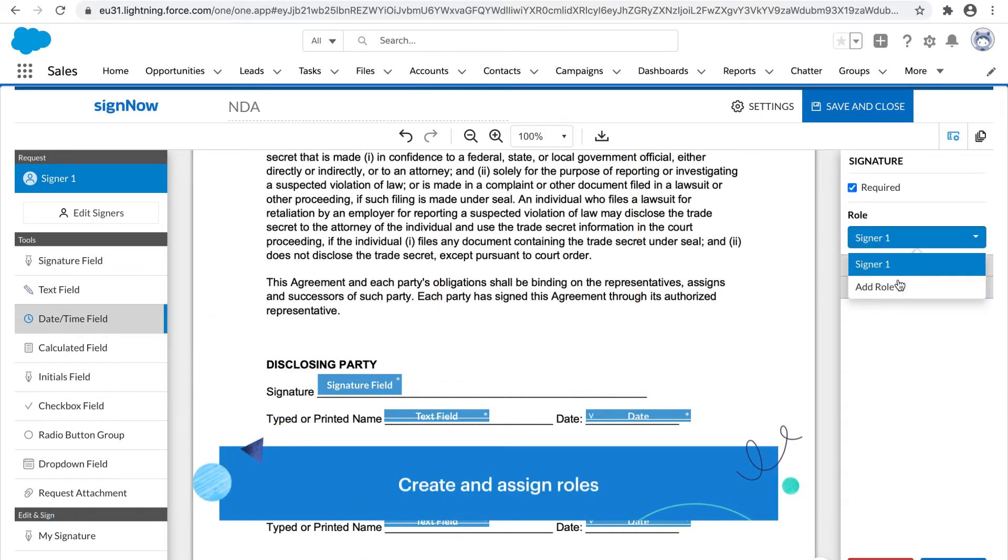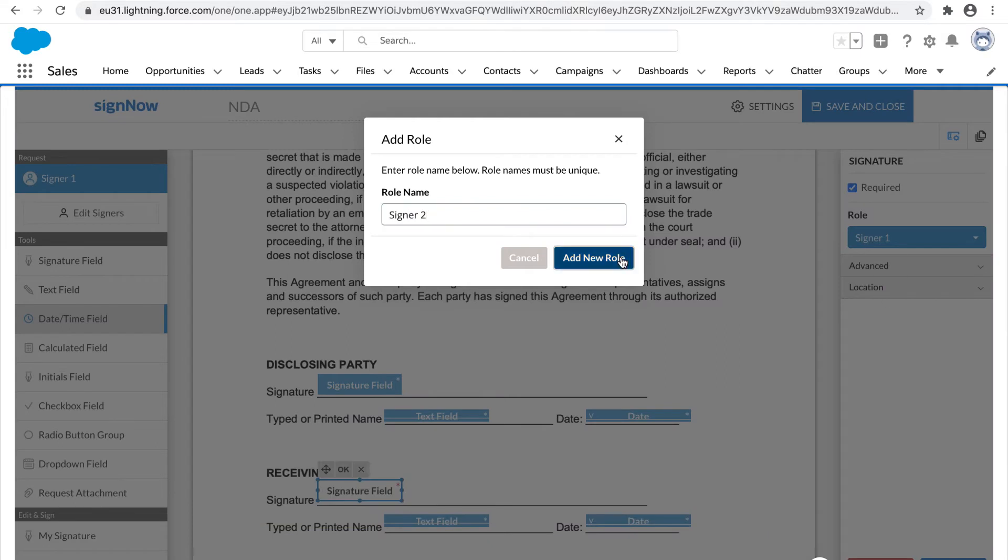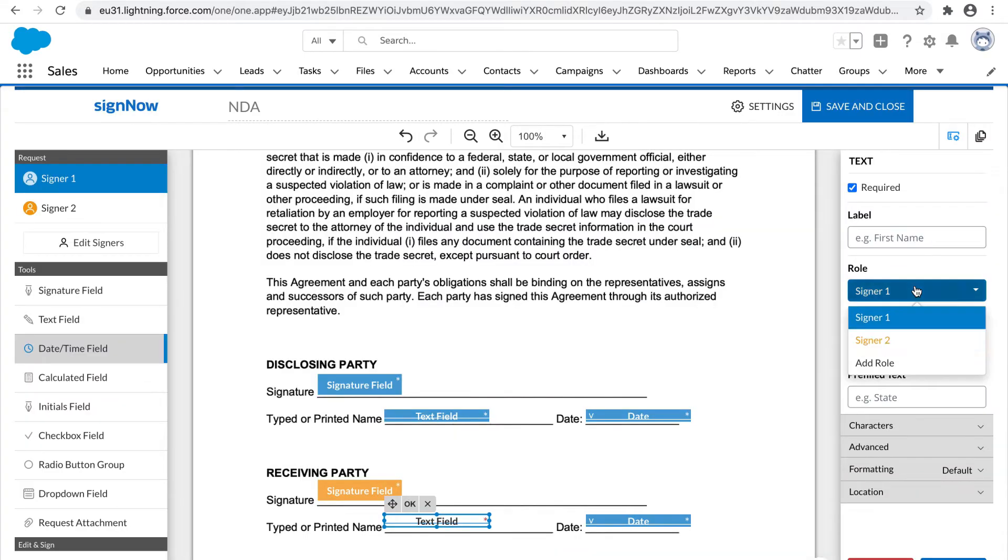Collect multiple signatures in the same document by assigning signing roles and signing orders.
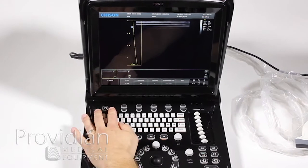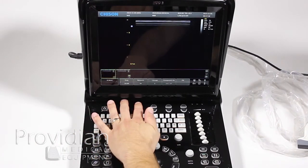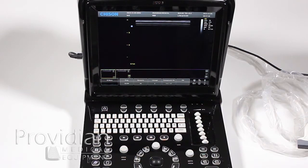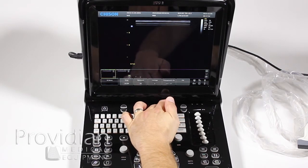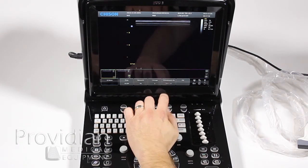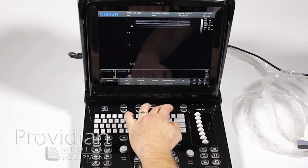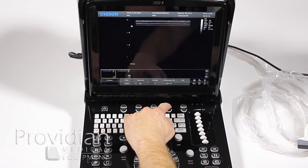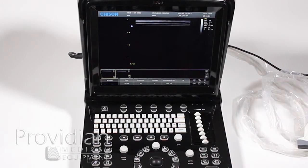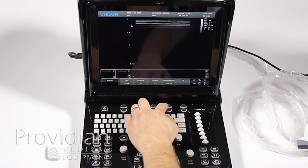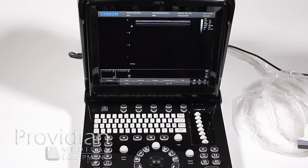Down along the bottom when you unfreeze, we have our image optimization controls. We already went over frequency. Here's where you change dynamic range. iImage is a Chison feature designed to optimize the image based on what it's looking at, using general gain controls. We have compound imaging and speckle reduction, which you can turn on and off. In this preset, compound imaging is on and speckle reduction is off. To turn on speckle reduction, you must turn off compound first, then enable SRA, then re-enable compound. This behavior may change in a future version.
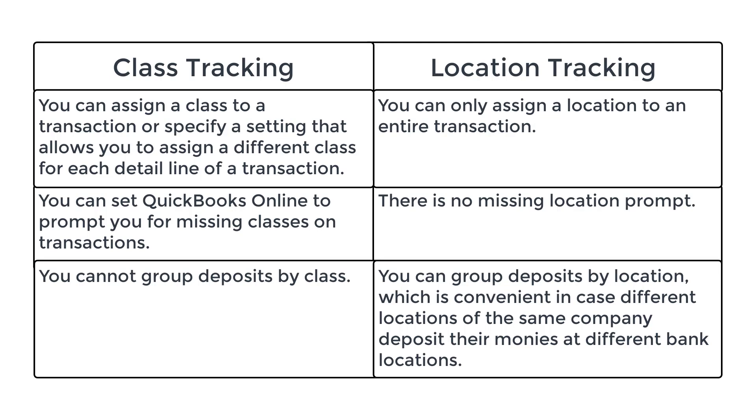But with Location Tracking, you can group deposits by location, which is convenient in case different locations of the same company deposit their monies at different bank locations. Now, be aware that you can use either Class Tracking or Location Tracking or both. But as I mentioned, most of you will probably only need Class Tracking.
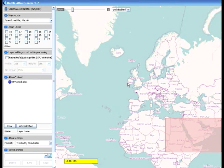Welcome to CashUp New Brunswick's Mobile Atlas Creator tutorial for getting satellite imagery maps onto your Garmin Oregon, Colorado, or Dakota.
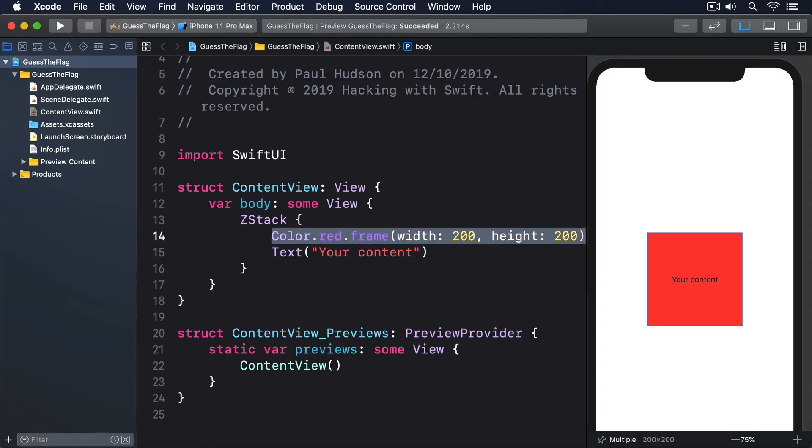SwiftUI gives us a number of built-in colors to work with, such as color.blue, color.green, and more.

---------------

(Activity):
Transcribe every line from the one containing "But with Location" to the end of the listing, exactly and exclusively. Do not carry any picture over.

(Written solution):
But with Location Tracking, you can group deposits by location, which is convenient in case different locations of the same company deposit their monies at different bank locations. Now, be aware that you can use either Class Tracking or Location Tracking or both. But as I mentioned, most of you will probably only need Class Tracking.
Welcome to CashUp New Brunswick's Mobile Atlas Creator tutorial for getting satellite imagery maps onto your Garmin Oregon, Colorado, or Dakota.
SwiftUI gives us a number of built-in colors to work with, such as color.blue, color.green, and more.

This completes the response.